This project transformed 45 years of a Swedish newspaper’s staff magazine (Pukslagaren, 1968-2012) from unsearchable scanned PDFs into a semantic search system powered by AI. The end result is a Custom GPT that can answer natural language questions about the archive’s contents.


The Problem

We had 132 PDF files containing scanned magazine pages.

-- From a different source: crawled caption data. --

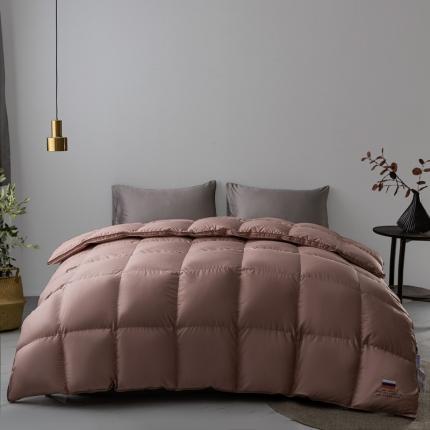 91家纺网 家纺一手货源 找家纺 （总）岚司羽 新款全棉95%白鹅绒冬被羽绒被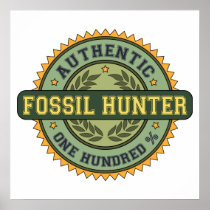Authentic Fossil Hunter Print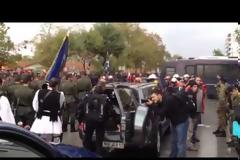 Συνθήματα στη Θεσσαλονίκη και ένταση στην Αθήνα. Βίντεο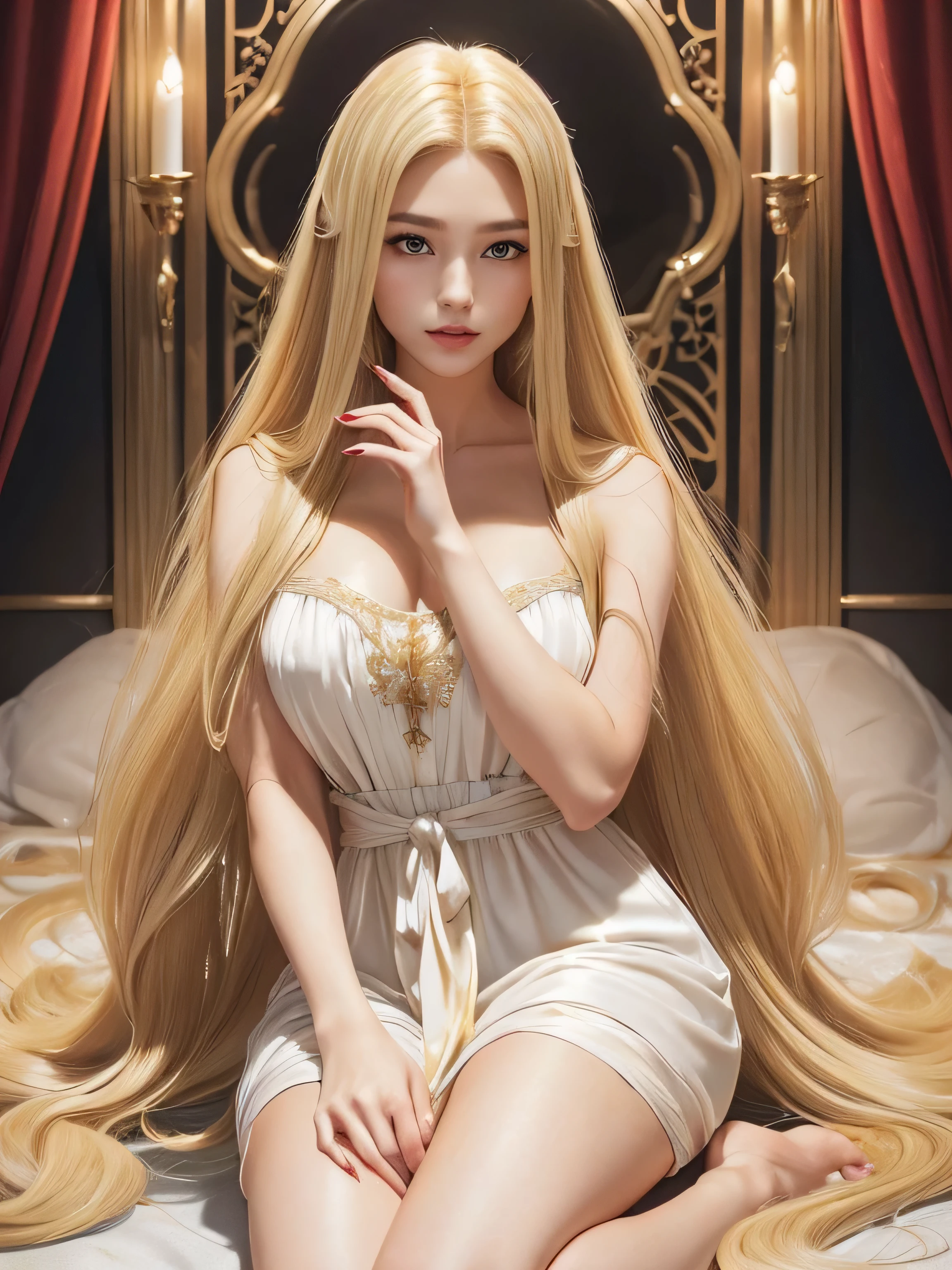 ((highest quality)), ((masterpiece)), (Get used to it), Perfect Face　(1 girl)　(French)　(she is 15 years old、The cutest teen in France.)　((highest quality)), ((masterpiece)), length blonde hair 　length, Shining golden hair,Golden Silky Hair, Straight blonde hair, length blonde straight hair, Perfect Silky Straight Hair, Straight blonde hair, length blonde hair, Her hair is long and straight., detailed length blonde hair　((big 1.4))　Super Long Hair down to the ankles　((Neat bangs　The neatly trimmed bangs are princess cut and cover the entire forehead......))...　Bright crimson lips　good, Anatomically correct hand　Thin fingers　Anatomically correct five fingers　Sexy professional makeup　Beautiful French girl face, French facial features, Long Hair shiny Long Hair, length, Shining golden hair, length, Straight Golden Hair, Her hair is long and straight., Super Long Hair girl, Silky Hair, length blonde hair, Silky Hair, length, Flat Hair, Silky texture, Long Hair, length, Flowing blonde hair, thin and shiny hair　Anatomically correct、White beautiful human skin and detail of hands and fingers　Beautiful Eyes　Mouth Details　the corners of the mouth rise slightly　Cool look　　(The eyebrow color is dark brown.)　　(Yellow dress posing for a picture, Disney Portraits, tumbler, shin hanga, wearing organza gown, dressed beautiful gown, lady using Yellow dress, color: Yellow, A woman wearing a sparkly floral dress, elegant Yellow skin, gown, Fantasy Dress, Formal Wear, light Yellow　beautiful gown, Yellow theme　)　(A church with high quality stained glass..)　(she&#39;Random Pause)　(Random model standing pose)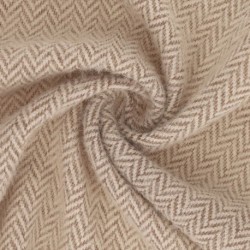 Tissu Maille Chevrons Beige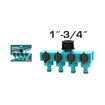 TOTAL ΔΙΑΝΟΜΕΑΣ ΠΟΛΛΩΝ ΕΞΟΔΩΝ 1"- 3/4" (THHC604101)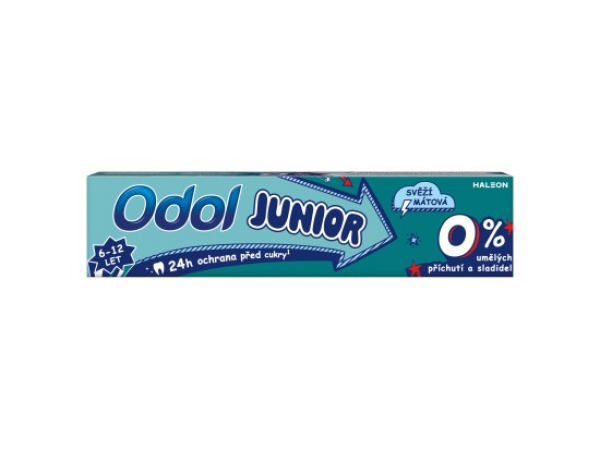 Odol Junior 6-12 let Svěží mátová zubní pasta s fluoridem 50 ml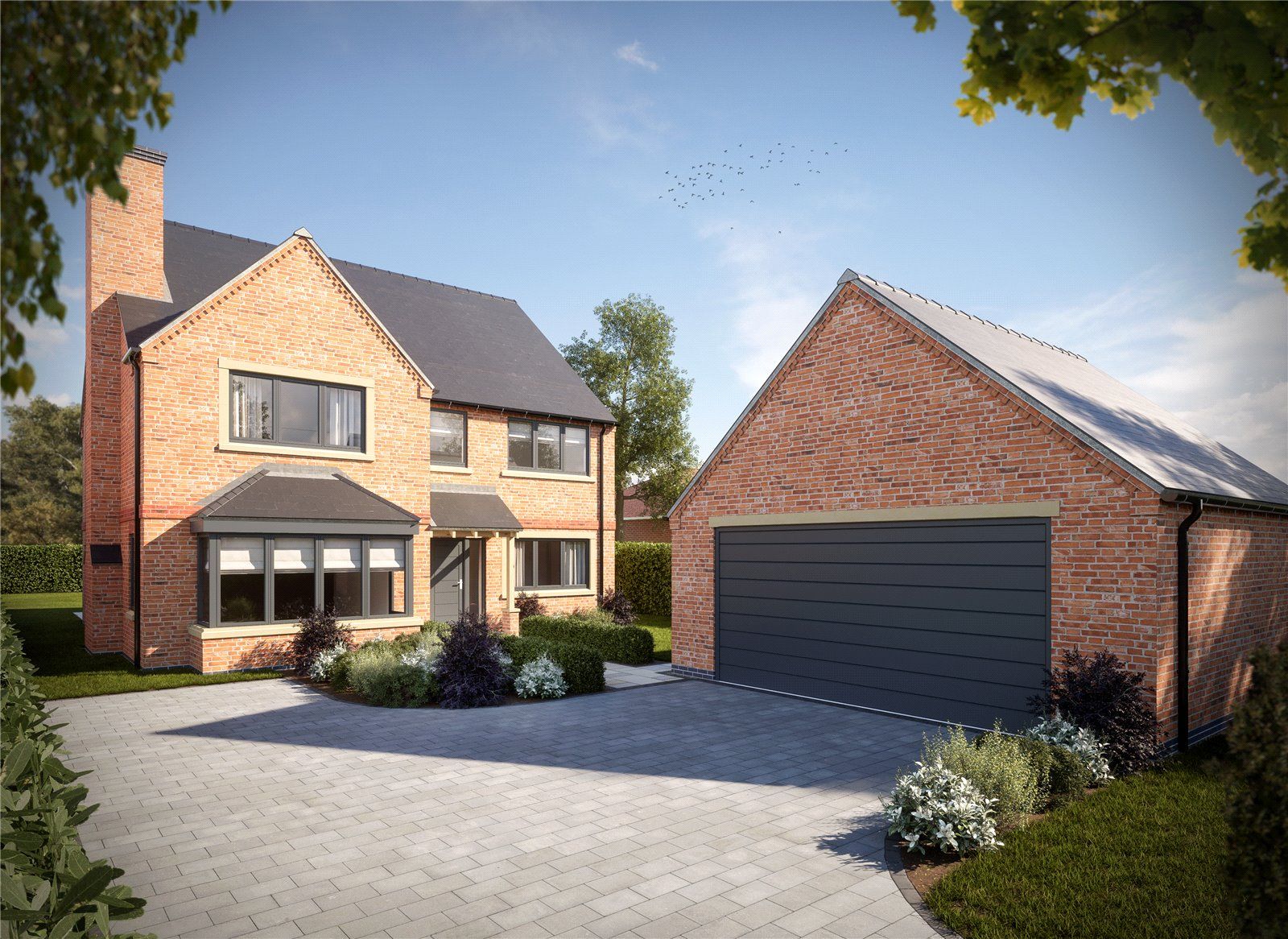 New home, 4 bed detached house for sale in Thorney Road, Wigsley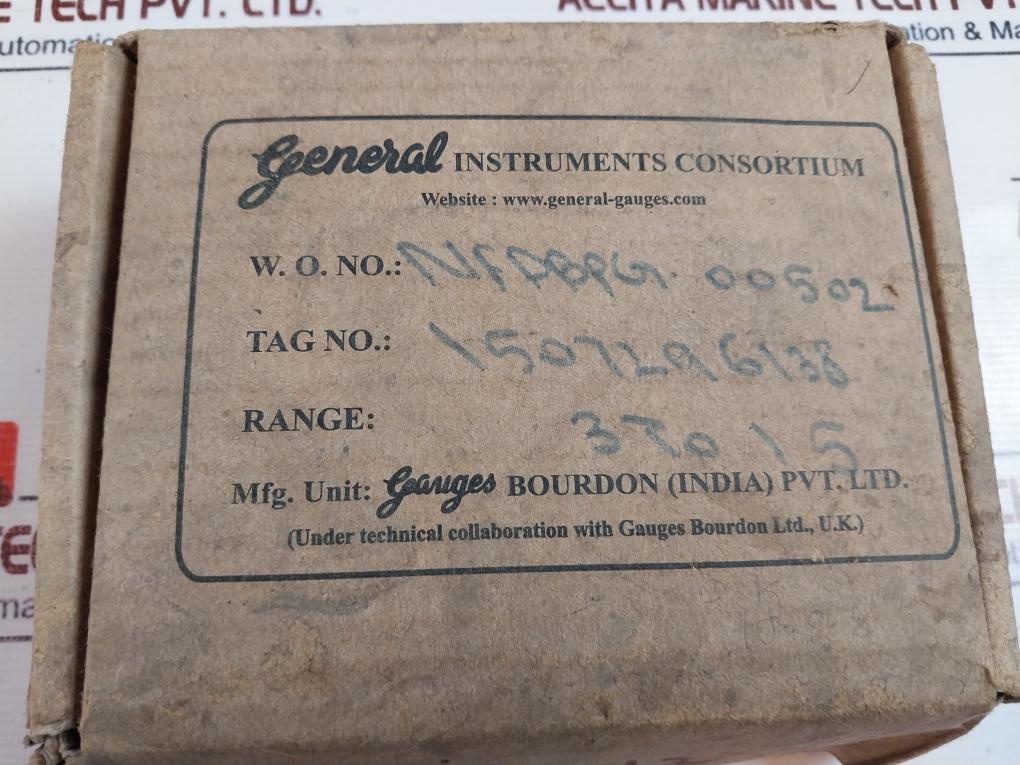 General Nfdbpg-00502 Rg-uss316 Bourdon Gauge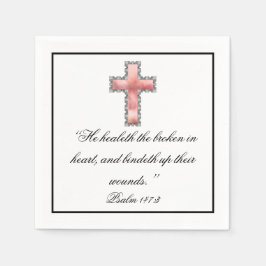 Elegant Christian Sympathy Pappersservett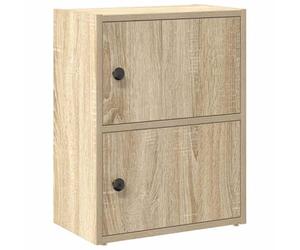vidaXL Bibliothèque chêne Sonoma 40x24x52 cm Bois d'ingénierie, étagère à Livres, Support de Rangement, Support à Livres, Armoire de Rangement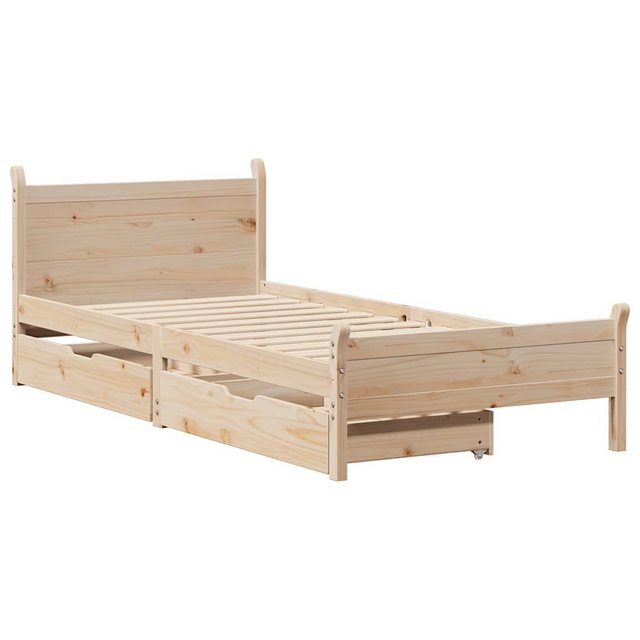 vidaXL Bett Massivholzbett ohne Matratze 75x190 cm Kiefernholz günstig online kaufen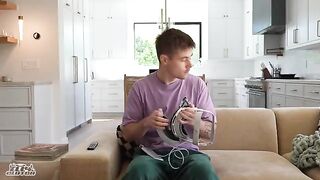 Girl sitting on a cock is a funny and romantic scene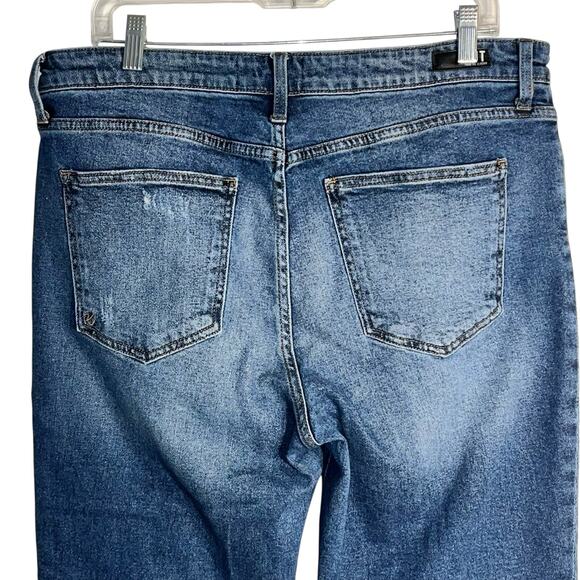 KUT From The Kloth Rachael Mom Jeans Distressed Raw Hem Medium Wash Size 14 - Picture 4 of 7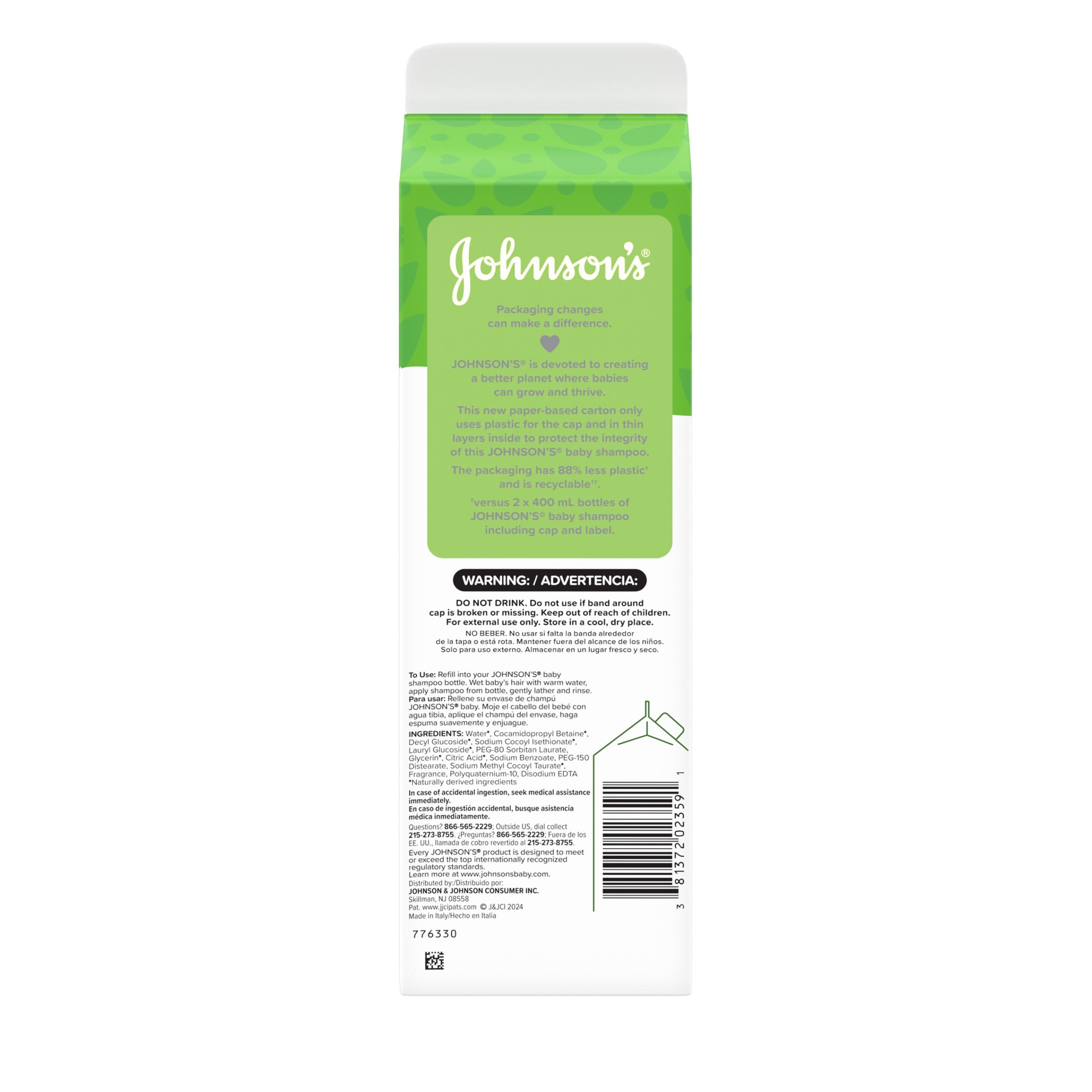 slide 4 of 9, Johnson's Baby Shampoo Refill 33.8 fl oz, 33.8 fl oz
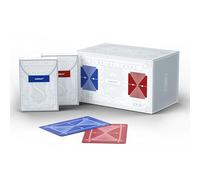 SLOWPLAY, Barajas de Juego 100% plástico al por Mayor, 10 Barajas tamaño póker, índice Jumbo, Flexibles y duraderas, Resistentes al Agua y Lavables, baraja Profesional para póker Texas Hold’em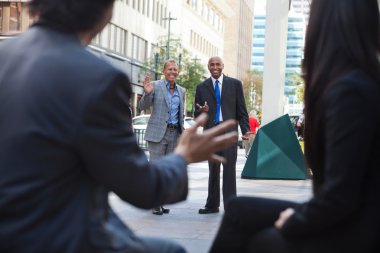 Business Greeting Each other clipart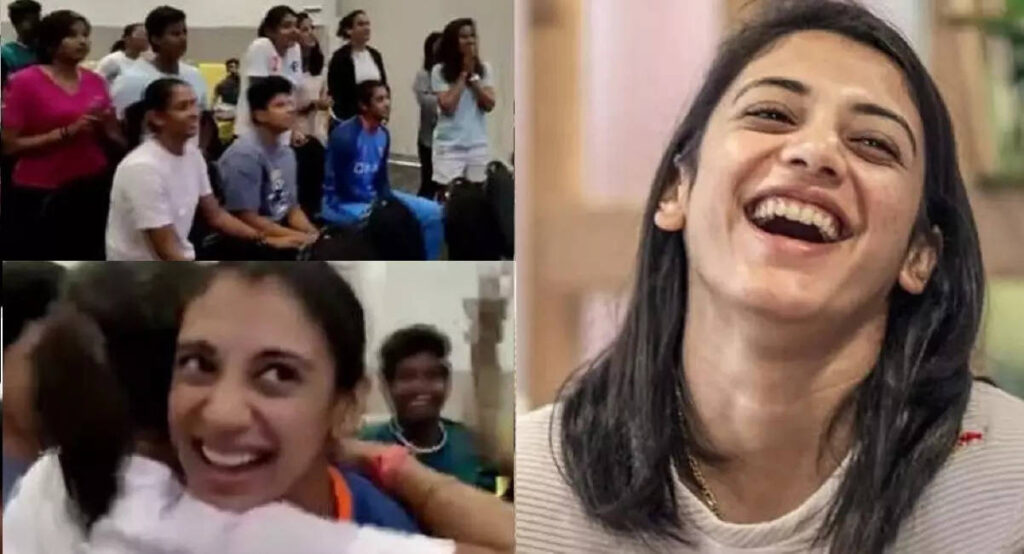 Indian Woman cricketer Smriti Mandhana, WPL Auction: નીતા અંબાણીએ જેવી સ્મૃતિ મંધાના પર લગાવી બોલી, ઝૂમી ઉઠી ભારતીય ટીમ, ઐતિહાસિક ક્ષણ - wpl auction: indian women team got excited when nita ambani bid on smriti mandhana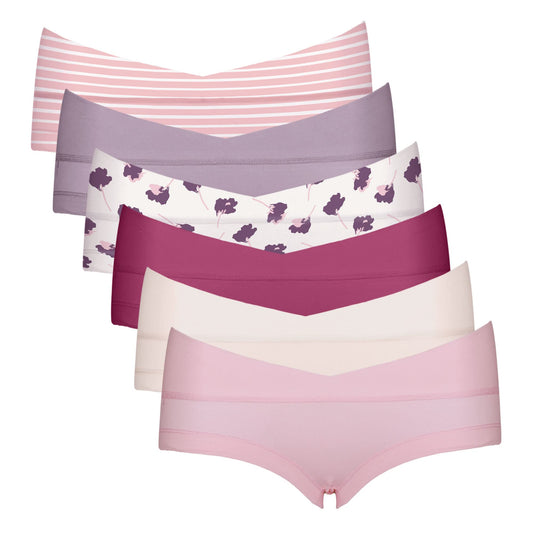 Intimate Portal Maternity Underwear Cotton Pregnancy Postpartum Panties Under the Bump Boyshort Briefs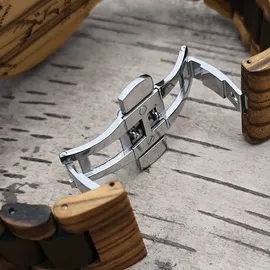 Holzwerk Germany Holzwerk HALLSTADT Designer Digital Analog Uhr mit Datum, schwarz,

The issues:

  1. Poor text layer quality – The existing OCR was garbled (e.g., “§tÅffiÅmEN” instead of “STAFFAN”)
  2. No semantic search – Traditional keyword search fails when you don’t know exact terms
  3. Size constraints – 2.9 GB total, far exceeding ChatGPT’s 512 MB knowledge base limit
  4. No structured metadata – Couldn’t filter by year or issue number

The Solution: A 5-Stage Pipeline

Stage 1: PDF Organization

132 individual PDFs (quarterly/biannual issues)
    ↓
Organized by year and issue number
    ↓
Naming pattern: "Pukslagaren YYYY-N.pdf"

Stage 2: Optical Character Recognition (OCR)

Tool: ocrmypdf with Tesseract (Swedish language pack)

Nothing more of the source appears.